Back in the late 50′s and early 60′s, school for me meant a daily mile-long trek through “the village” [of Ansnorveldt] with my siblings to a one-room schoolhouse, where my brother, sisters, and about 25 students–more or less– from first to eighth grade shared a single classroom– along with spelling bees, Christmas concerts, multiplication tables, art projects, and reading out loud.
One-room schools at that time were not the norm, but living just outside of a sizable Dutch settlement, my siblings and I daily walked past the large Christian Reformed School that most of our neighborhood friends attended, on our way to school. Most of our other remaining neighborhood friends were bussed off to the big Catholic school in town, and consequently there were so few of us left that the public school we attended was by far the minority.
Our administrator/teacher was a big, calm and efficient Catholic man named Mr. Blake. I do not remember seeing him upset or angry. He managed to maintain order and kept us inspired and eager to learn. My siblings and I often laugh over stories of growing up in that schoolhouse because overwhelmingly, the experience was pleasant. However, it wasn’t all fun and games. When a student was disobedient or disrespectful and warranted correction, Mr. Blake simply grabbed “the strap,” calmly took the student out to the privacy of the cloakroom momentarily, and administered a quick, stinging slap on the palms of the student’s hands. I managed to avoid the experience, but I will never forget my heart breaking for one of my sisters who returned to the classroom with big repentant tears rolling down her cheeks as she rapidly blew on her stinging palms.
As students in that one-room schoolhouse, we learned very quickly that if we wanted to avoid the harsh “external government” of our teacher, we needed to govern ourselves well internally. The more self-control (or self-”government”) we were able to exercise, the less we needed Mr. Blake’s corrective control (or corrective “government.”)
Unfortunately, like one-room schoolhouses, punishment for disobedience in the classroom (and in many homes) has gone the way of the dinosaur. It’s become almost extinct. The tried-and-true philosophy of education that once produced self-controlled, productive individuals has been replaced with child-centered entitlement and a refusal to restrain misbehavior. Yet the philosophy of education in one generation will always be reflected in the next, and will produce that generation’s form of government. The implications of failing to teach our children to be self-governed individuals are huge. Today we are witnessing the chaotic results of unrestrained behavior not only in our homes and interrelationships, but also in our nation.

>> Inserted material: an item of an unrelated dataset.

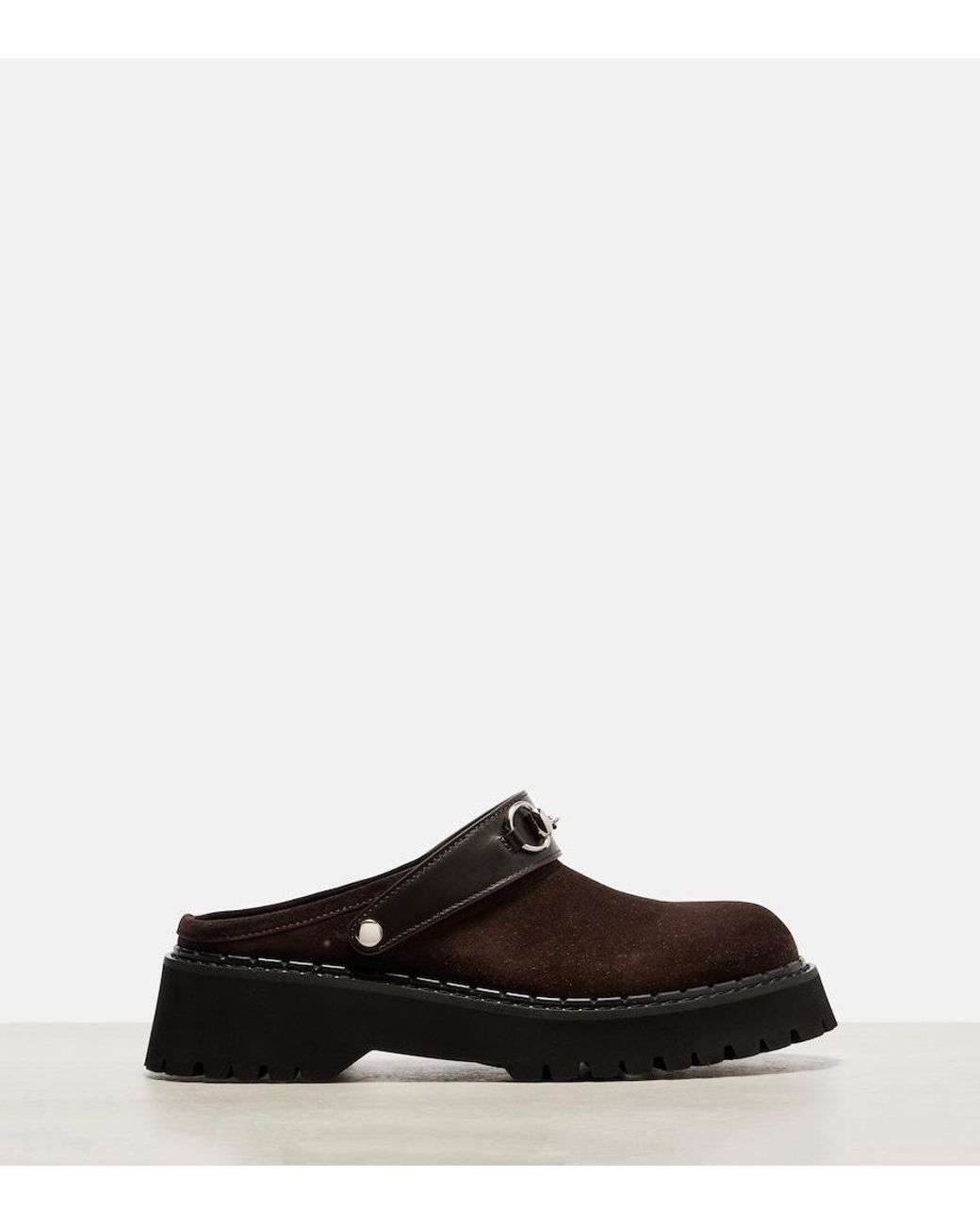Gucci Brown Horsebit Suede Mules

Last week, Newt Gingrich likened this generation to entitled, self-focused individuals who excitedly jumped with enthusiasm into a political system that promised everyone a “free trip to Disneyland”–yet they didn’t have the wisdom to discern that in order to get their free ride, it meant crashing the plane into the park. There is no free ride. Too absorbed in satisfying their own immediate wants and desires, no matter what the cost, they are led like sheep to the slaughter.

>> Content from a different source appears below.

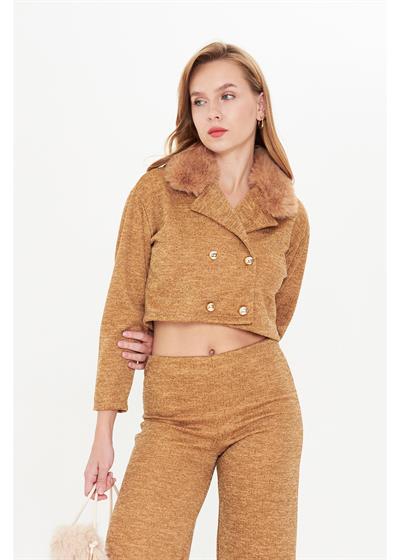 Kürklü Triko Crop Ceket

The self-governed individual, on the other hand, understands the value of hard work, sacrifice, self-control, and patience that ultimately will lead to true freedom, and less intrusive civil government.
God has ordained two distinct spheres of government: internal, and external.Good government begins internally, with self-government, and will always be revealed externally.In Luke 6:43-46, Jesus said, “No good tree bears bad fruit, nor does a bad tree bear good fruit, for each tree is known by its own fruit…The good person out of the good treasure of his heart produces good, and the evil person out of his evil treasure produces evil, for out of the abundance of the heart, his mouth speaks.”
Whatever is in the heart of an individual will be evident in his conversation, actions, and manners–and ultimately in relationships, businesses, and civil institutions. The external characteristics are the true mark of what is internal. Man must necessarily be governed, either by internal self-government, or by external civil restraint. If we want limited, nonintrusive civil government, then we must earn it by exercising consistent internal self-control.
Around 1852, Robert Winthrop said, “All societies of men must be governed in some way or other. The less they may have of stringent state government, the more they must have of individual self-government. The less they rely on public law or physical force, the more they must rely on private moral restraint. Men, in a word, must necessarily be controlled, either by a power within, or by a power without them; either by the word of God, or by the strong arm of man; either by the Bible, or by the bayonet.”
We don’t need to return to the one-room schoolhouse in order to find our way back to the “good old days.” We only need to practice, and to diligently teach our children, the truth of Proverbs 4:23, “Keep your heart with all vigilance, for from it flow the springs of life.”